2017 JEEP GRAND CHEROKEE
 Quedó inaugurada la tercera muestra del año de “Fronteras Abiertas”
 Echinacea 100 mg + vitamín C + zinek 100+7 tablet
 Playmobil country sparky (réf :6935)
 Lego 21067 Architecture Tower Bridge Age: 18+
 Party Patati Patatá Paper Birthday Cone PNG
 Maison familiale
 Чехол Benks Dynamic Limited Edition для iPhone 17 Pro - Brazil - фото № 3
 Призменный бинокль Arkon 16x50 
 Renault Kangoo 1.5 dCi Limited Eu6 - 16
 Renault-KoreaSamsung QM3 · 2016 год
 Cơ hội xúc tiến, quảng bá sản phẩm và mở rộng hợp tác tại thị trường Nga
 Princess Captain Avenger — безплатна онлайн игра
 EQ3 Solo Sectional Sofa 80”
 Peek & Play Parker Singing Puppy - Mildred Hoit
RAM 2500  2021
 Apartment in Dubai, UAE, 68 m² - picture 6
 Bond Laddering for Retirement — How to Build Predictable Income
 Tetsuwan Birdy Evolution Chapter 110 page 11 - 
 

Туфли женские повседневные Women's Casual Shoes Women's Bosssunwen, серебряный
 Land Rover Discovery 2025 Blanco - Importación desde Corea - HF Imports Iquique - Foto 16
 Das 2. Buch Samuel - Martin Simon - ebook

━━━━━━━━━━━━━━━━

[Activity] Take the line containing "Apartment in Dubai, UAE, 68 m² - picture 6" and each line after it up to the last line of the listing, and print them exactly.

[Answer area]
 Apartment in Dubai, UAE, 68 m² - picture 6
 Bond Laddering for Retirement — How to Build Predictable Income
 Tetsuwan Birdy Evolution Chapter 110 page 11 - 
 

Туфли женские повседневные Women's Casual Shoes Women's Bosssunwen, серебряный
 Land Rover Discovery 2025 Blanco - Importación desde Corea - HF Imports Iquique - Foto 16
 Das 2. Buch Samuel - Martin Simon - ebook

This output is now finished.